Aside from David Cameron’s recent measures to restrict access to pornography, the internet is a largely unregulated space and a bastion of the liberalism of modern technology. Assuming that we’ve all had our fair share of ‘what would I have done without the internet’ moments, whether it’s having used it through your smart phone to navigate a strange city, compiled a poor and last-minute essay or just clarified that yes, Khloe Kardashian is dating again but no, Iggy Azalea’s ass is not real, the internet is an invaluable information source.
With Edward Snowden being a frequent face on the news, freedom of information is a political and social issue that has come to the forefront of media and public attention in the past few years. So we’re aware of how it all works, right? But there are battles less publicised, and measures outside of Cameron’s overt porn plans that have already been introduced. These work in a far more subtle manner, intentionally or otherwise, to regulate modern technology’s biggest and best information source that, which we have come to take for granted. ‘Censorship’ is not a foreign word.
The ‘right to be forgotten’ is just one of these measures. With a self-explanatory title, it has emerged as a response to the widespread availability (read: the internet) of personal information and the ways that this information may continue to stigmatise an individual’s existence long after it is published. The right to be forgotten, therefore, refers to a person’s right to permanently bury personal information from which they wish to disassociate, or deem no longer relevant – bankruptcy, for example.
Differing from the right to privacy, which deals with information not publicly known, the right to be forgotten demands a retraction or disappearance of information from search engines that was, at one time, in the public sphere and is consequently still available – for now.
Not yet upgraded to represent an international human right, the right to be forgotten finds support in the form of the Right to Privacy, but struggles with the interplay of the Right to Freedom of Expression. Nevertheless, the concept was enshrined into EU law in 2012; the European Data Protection Regulation Article 17 detailing the “right to be forgotten and to erasure.”
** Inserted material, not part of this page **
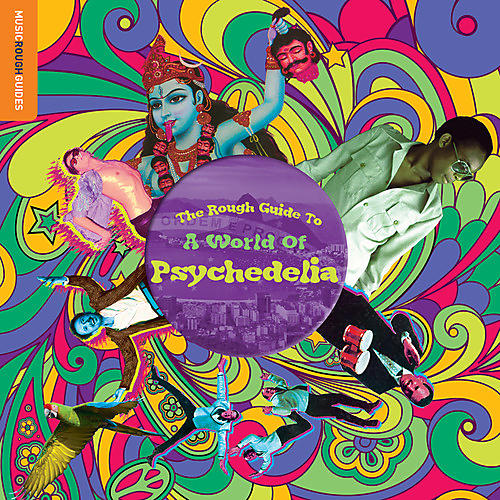 Alliance Various Artists - Rough Guide To A World Of Psychedelia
The Article does not constitute a global framework, meaning that removal of information can only be performed by the specific company from which it is demanded, and will only be unavailable when searched for within EU versions of the search engines (both Google, and Microsoft which owns Bing, have ‘right to be forgotten’ application forms). Companies are not required to comply with requests, but to weigh up the damage to the individual versus public interest in the information concerned, the application procedure is by no means a guarantee to erasure.
But more importantly, the process of the right to be forgotten under European Union law is a privatised procedure in all senses. There is no executive save for the company dealing with the complaint; no system of checks and balances and no appeal procedure. Once information is gone from a search engine, it is usually gone for good within the relevant jurisdiction. A small notification is listed at the bottom of Google search results when something has been removed; nothing more.
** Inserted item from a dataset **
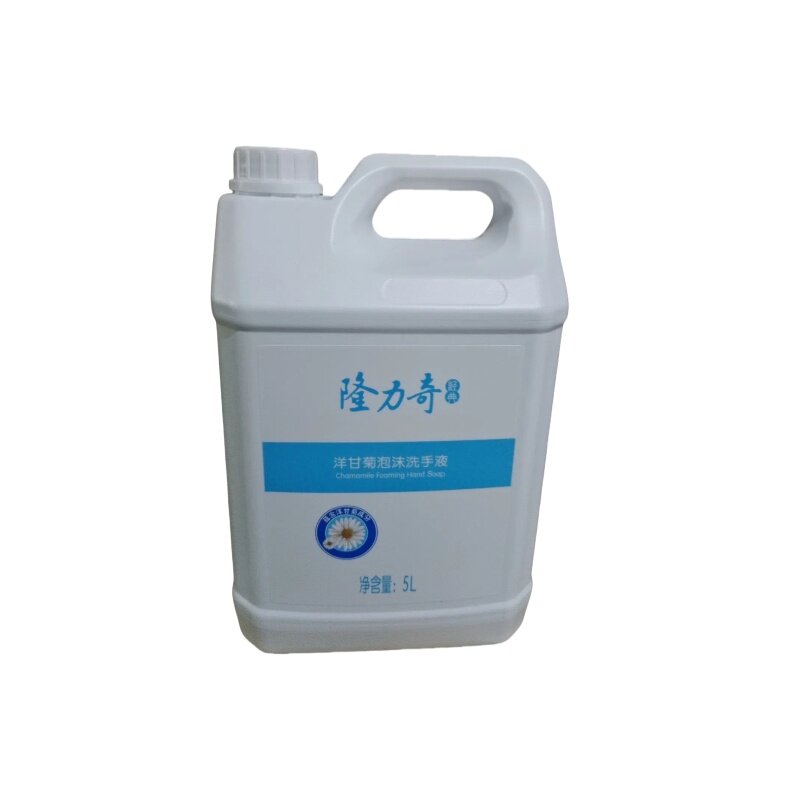 隆力奇5kg医院办公泡沫洗手液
Of the information removal requests since 2012 to Google UK and Ireland, 31% relate to fraud or scams, 20% to violent or serious crime arrests and 12% to child pornography arrests. Personally, this is not information I would wish to be prevented from accessing.
Some argue that the enshrinement of the right in EU policy is a step in the right direction, and that it gives individuals deserved control of their own data. However, as The Guardian’s Laurie Penny argues of the UK porn filter, the biggest problem here ‘is not that it accidentally blocks a lot of useful information but that it blocks information at all.’
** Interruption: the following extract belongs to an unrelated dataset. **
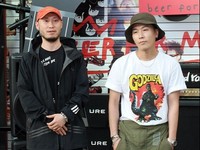 [포토] MC메타-DJ코난 '홍대 놀러왔어요'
Index on Censorship are just one of the many organisations who have questioned how the right to be forgotten may affect public access to information and as such interfere with the freedom of expression. The British government are also concerned, particularly with the difficulties of correct implementation, labelling it ‘unreasonable’ and ‘impossible.’
Foreseeing only an increase in this type of censorship, Leila Tretikov, executive director of the Wikimedia Foundation, forecasts ‘an internet riddled with Orwell’s “memory holes” – cases where inconvenient information simply disappears’. It might not be headline news, but in many ways it is subtlety that makes this sort of censorship all the more alarming.